Now that we have a model that can be used to create game strategies for both players, we'll just need to train the model.

# 3. Train the Model for Both Players

To alternate between training the red player and training the yellow player, we'll create a variable *batches*. It starts with a value of 1. After each batch of training, we add 1 to the value of the variable *batches*. We'll train the red player when the value of *batches* is even and train the yellow player otherwise. 

## 3.1. Keep Track of Progress

Alpha Zero algorithms are extremely costly in terms of computational needs. Therefore, it takes a long time to train the model. To mkae things more complicated, we need to tune the hyper parameters to make the model works (such as the larning rate, the loss function, and so on). Therefore it's important to mesure the progress of the model so that you know whehter things are going in the right dirction or not.

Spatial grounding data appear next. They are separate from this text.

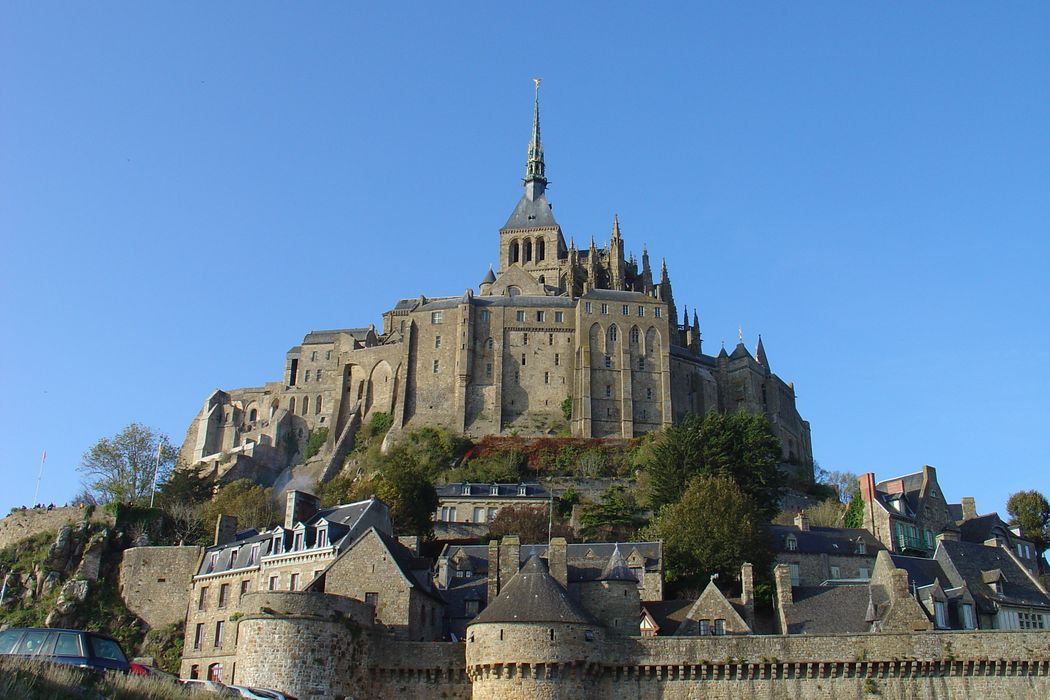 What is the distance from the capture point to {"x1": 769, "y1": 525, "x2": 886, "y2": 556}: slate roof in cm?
5612

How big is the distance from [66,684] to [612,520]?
4676 centimetres

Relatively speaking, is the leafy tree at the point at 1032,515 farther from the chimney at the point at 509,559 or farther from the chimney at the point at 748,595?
the chimney at the point at 509,559

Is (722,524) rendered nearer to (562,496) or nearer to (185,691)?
(562,496)

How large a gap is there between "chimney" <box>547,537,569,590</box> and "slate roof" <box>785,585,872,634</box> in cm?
880

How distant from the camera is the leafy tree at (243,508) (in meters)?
68.1

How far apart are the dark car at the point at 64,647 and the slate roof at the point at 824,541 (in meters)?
35.7

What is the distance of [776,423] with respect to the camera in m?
97.2

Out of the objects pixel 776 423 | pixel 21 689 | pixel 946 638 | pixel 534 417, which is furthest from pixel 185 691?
pixel 776 423

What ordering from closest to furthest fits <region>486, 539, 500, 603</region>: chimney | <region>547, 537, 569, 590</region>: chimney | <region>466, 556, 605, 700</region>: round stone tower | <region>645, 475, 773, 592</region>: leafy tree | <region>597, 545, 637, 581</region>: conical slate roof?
<region>466, 556, 605, 700</region>: round stone tower
<region>547, 537, 569, 590</region>: chimney
<region>597, 545, 637, 581</region>: conical slate roof
<region>486, 539, 500, 603</region>: chimney
<region>645, 475, 773, 592</region>: leafy tree

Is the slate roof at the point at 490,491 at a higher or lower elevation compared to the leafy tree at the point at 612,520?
higher

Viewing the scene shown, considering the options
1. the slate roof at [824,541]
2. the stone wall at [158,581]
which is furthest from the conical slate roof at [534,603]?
the stone wall at [158,581]

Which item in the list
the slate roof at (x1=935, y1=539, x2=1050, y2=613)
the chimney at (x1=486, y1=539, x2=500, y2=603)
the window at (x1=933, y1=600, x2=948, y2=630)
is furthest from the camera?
the slate roof at (x1=935, y1=539, x2=1050, y2=613)

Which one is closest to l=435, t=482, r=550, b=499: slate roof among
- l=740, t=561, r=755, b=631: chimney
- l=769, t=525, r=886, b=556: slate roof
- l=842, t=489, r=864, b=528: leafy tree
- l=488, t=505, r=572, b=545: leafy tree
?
l=488, t=505, r=572, b=545: leafy tree

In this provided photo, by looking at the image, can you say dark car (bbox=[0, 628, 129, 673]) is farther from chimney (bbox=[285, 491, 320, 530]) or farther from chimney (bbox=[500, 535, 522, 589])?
chimney (bbox=[285, 491, 320, 530]) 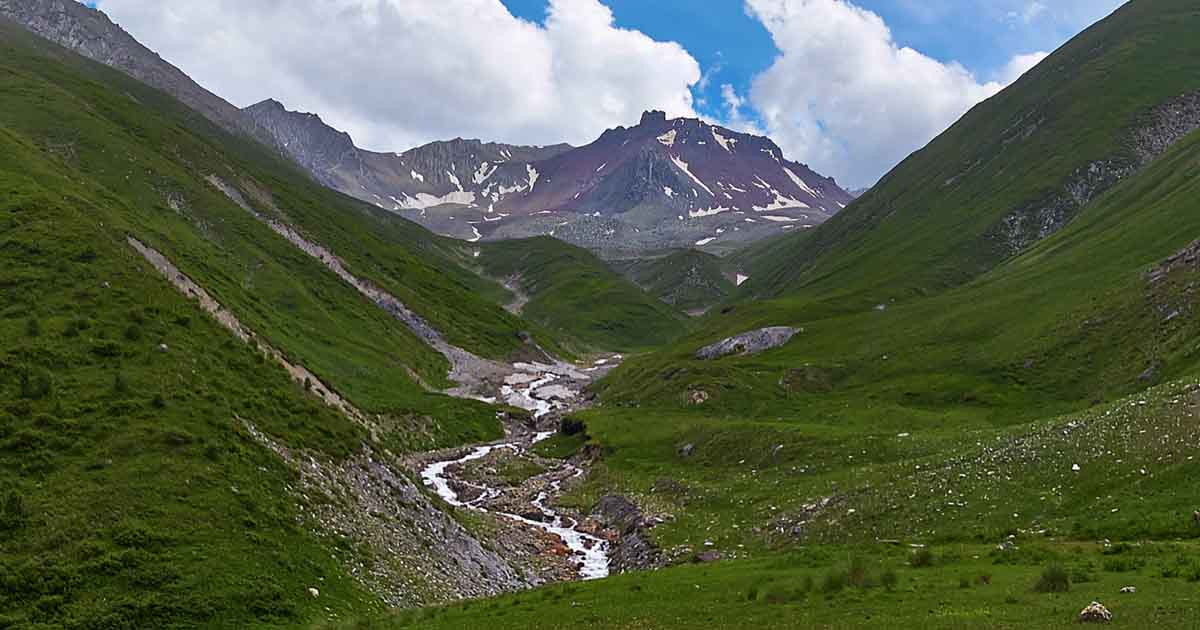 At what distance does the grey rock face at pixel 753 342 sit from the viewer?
113 meters

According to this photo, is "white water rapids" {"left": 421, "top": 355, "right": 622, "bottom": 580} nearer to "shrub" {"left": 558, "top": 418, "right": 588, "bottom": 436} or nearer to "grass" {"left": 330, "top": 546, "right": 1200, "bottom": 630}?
"shrub" {"left": 558, "top": 418, "right": 588, "bottom": 436}

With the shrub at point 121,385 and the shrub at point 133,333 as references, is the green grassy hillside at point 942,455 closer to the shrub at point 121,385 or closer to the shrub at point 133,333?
the shrub at point 121,385

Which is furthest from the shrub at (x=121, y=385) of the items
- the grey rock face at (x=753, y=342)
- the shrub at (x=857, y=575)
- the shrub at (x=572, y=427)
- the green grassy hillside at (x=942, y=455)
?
the grey rock face at (x=753, y=342)

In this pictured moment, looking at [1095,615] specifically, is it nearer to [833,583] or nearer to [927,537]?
[833,583]

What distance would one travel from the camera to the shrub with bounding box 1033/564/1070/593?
1959cm

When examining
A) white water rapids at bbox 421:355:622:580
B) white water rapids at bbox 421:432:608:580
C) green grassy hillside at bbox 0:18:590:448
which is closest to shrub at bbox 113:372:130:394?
white water rapids at bbox 421:432:608:580

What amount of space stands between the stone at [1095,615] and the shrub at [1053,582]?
3219 mm

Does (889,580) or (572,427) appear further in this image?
(572,427)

To do that, we'll test teh model against the rule-based AI to determine the rpogress. Note that the rule-based AI is not involved in traing hte model directly. It just check how good the model is periodially without itnerfereing with teh model itself. 

In [10]:
import random

def rule_based_AI(state):
    if state%3 != 0:
        move = state%3
    else:
        move = random.choice([1,2])
    return move

def test():
    results=[]
    for i in range(100):
        env = coin_game()
        state=env.reset()     
        while True:    
            action = rule_based_AI(state)  
            state, reward, done, info = env.step(action)
            if done:
                # record -1 if rule-based AI player won
                results.append(-1)
                break
            # estimate action probabilities and future rewards
            onehot_state = onehot_encoder(state)
            action_probs, _ = model(onehot_state)
            # select action with the highest probability
            action=np.argmax(action_probs[0])+1
            state, reward, done, info = env.step(action)
            if done:
                # record 1 if AC agent won
                results.append(1)            
                break  
    return results.count(1)      

## 3.2. Train the Model till It's Perfect

Train the model till it's perfect. Here after every 1000 episodes of training, we test teh model against he AI to see teh rpogress. We'll stop if the model beats the AI 100% of the time. 

In [11]:
episode_count = 0
batches=0
# Train the model
while True:
    if batches%2==0:
        train_player(playing_1)
    else:
        train_player(playing_2)
    # Log details
    episode_count += batch_size
    batches += 1
    # print out progress
    if episode_count % 1000 == 0:
        model.save("files/ch21/alphazero_coin.h5")        
        wins=test()
        print(f"at episode {episode_count}, number of wins is {wins}/100")
        if wins==100:
            break     

at episode 1000, number of wins is 1/100
at episode 2000, number of wins is 6/100
at episode 3000, number of wins is 0/100
at episode 4000, number of wins is 0/100
at episode 5000, number of wins is 47/100
at episode 6000, number of wins is 50/100
at episode 7000, number of wins is 100/100


The model is successfully trained after 7000 episodes. 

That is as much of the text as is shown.